How does Weka solve this infrastructure challenge? Weka not only runs natively on premises, but also bursts to the public cloud. The same product runs in both locations and functions in exactly the same way, providing a seamless bridge between on-premises demands and public cloud elastic demand. This is completely different from legacy storage solutions that address these demands with separate and distinct products.
Also, at Weka, we realized that object storage is the most cost-effective and scalable way to store large amounts of data with incredible durability. Using our Snap-to-Object functionality, we can save the state of the storage (“snapshot”) to an object storage bucket in such a way that any other Weka cluster can access the snapshot and continue to run from its point in time. If that cluster then makes some changes and saves them, the original cluster can download the incremental changes and review the results as if the completed work had been performed locally.
Many companies have shied away from the cloud because of security issues and concerns that data in flight between on-premises and the public cloud is vulnerable. Weka has the option to encrypt the data that is sent to the cloud, allowing the cloud instances to use the same on-premises Key Management Service (KMS) solution to access the data. In this way, the data is safe even though it sits on a public cloud environment.
Further, a Weka cluster can expand easily while the system is live, with capacity or performance increasing linearly with the added resource. This makes initial sizing of the infrastructure easy, as you only have to predict the near future rather than trying to plan for 5 years out. Once new hardware is available, it can be seamlessly leveraged to expand the same cluster.
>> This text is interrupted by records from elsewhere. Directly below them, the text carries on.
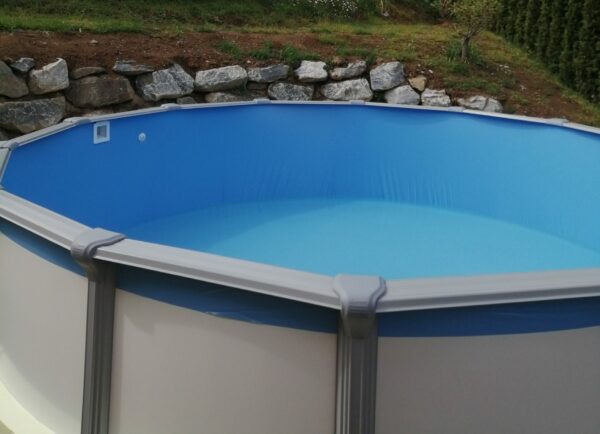 Cranpool Schwimmbecken Typ Rimini rund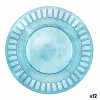Plakans trauks Quid Gaia Tirkīzs Plastmasa Ø 26 cm (12 gb.)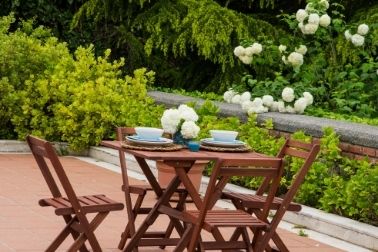 Vintage Bronze Solar Patio Lanterns with Hooks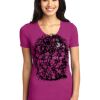 Ladies Concept Stretch V-Neck Tee Thumbnail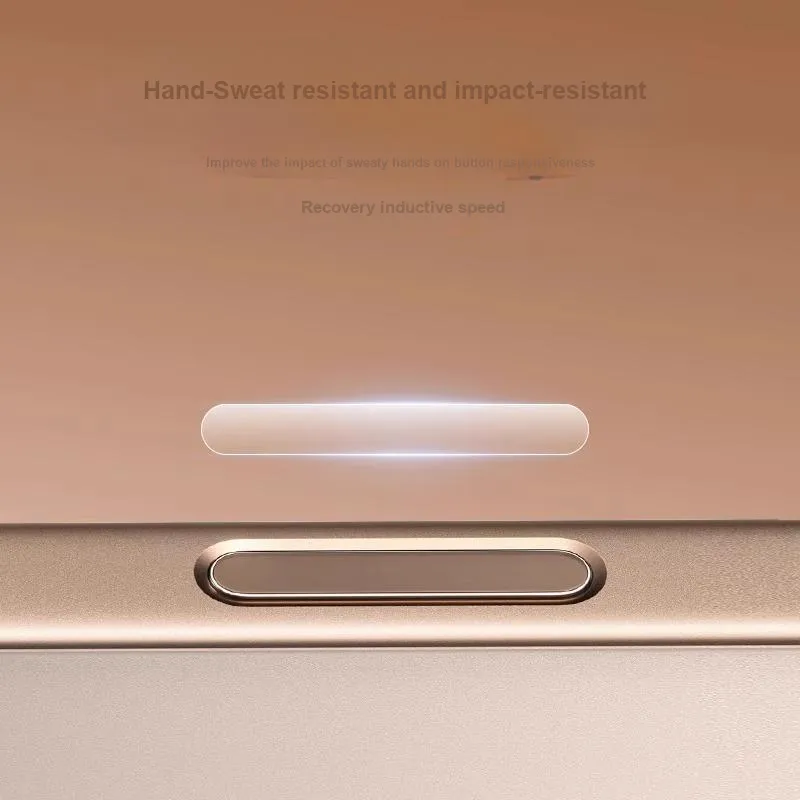 First Guard High Aluminum Glass Compatibility Apple 16/Plus/Pro/Max Photography Push Button Stickers Mobile Phone Film-7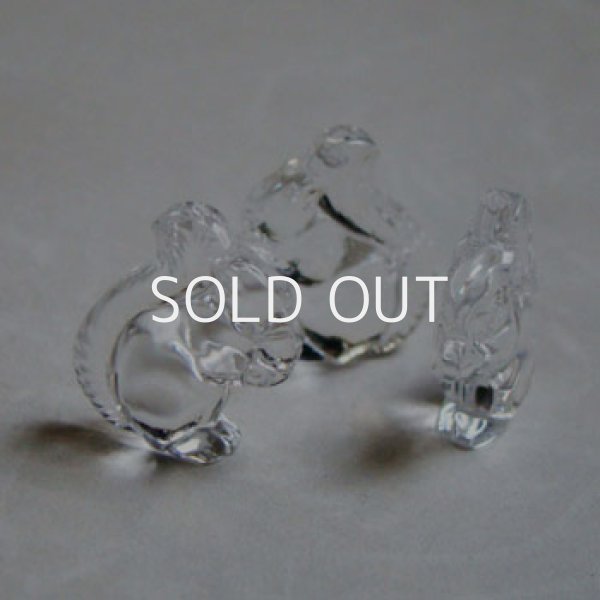 画像1: VSW "Squirrel" crystal beads (1)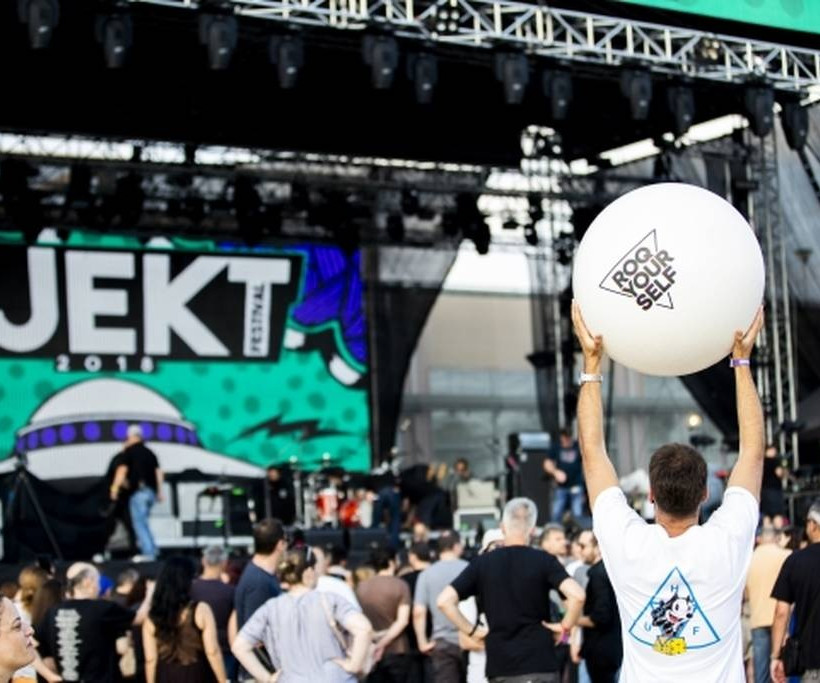 H ŠKODA με το νέο SUV ŠKODA KAROQ χορηγός του EJEKT Festival 2018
The most obvious use of the cloud for elasticity is in moving the DR site to the cloud. By leveraging the cloud for DR, customers can slash DR infrastructure costs by almost 100%. You still have to pay for object storage on the cloud, and depending on the required Recovery Time Objective (RTO), maybe some compute resources as well. However, once cloud DR is employed, IT efficiency almost doubles.
A second great use of the cloud is for spillover of workload (“cloud bursting”). Customers should plan to have their on-premises IT utilized at 80-90%. When there is a need for extra compute resources, burst the extra work to the public cloud. In many cases, the extra work is batch-oriented; if that is the case, spot-instances can be used as a very economical model, slashing cloud expenses by up to 90%, so long as the workload has cloud agility. Now the economics of both platforms start to make sense. On-premises infrastructure does not need to be sized and architected for peak usage anymore and system ROI can increase dramatically; and the cloud can serve as the agile platform for peak usage.
So, don’t be stuck with a surprise public cloud bill. You don’t need to be disappointed by unrealistic expectations. You just need to use the public cloud for elasticity, cloud bursting, and long-term durable storage. These techniques of cloud DR and compute elasticity enable customers our customers to enjoy cost savings and the greatest advantages of both on-premises and public cloud infrastructures!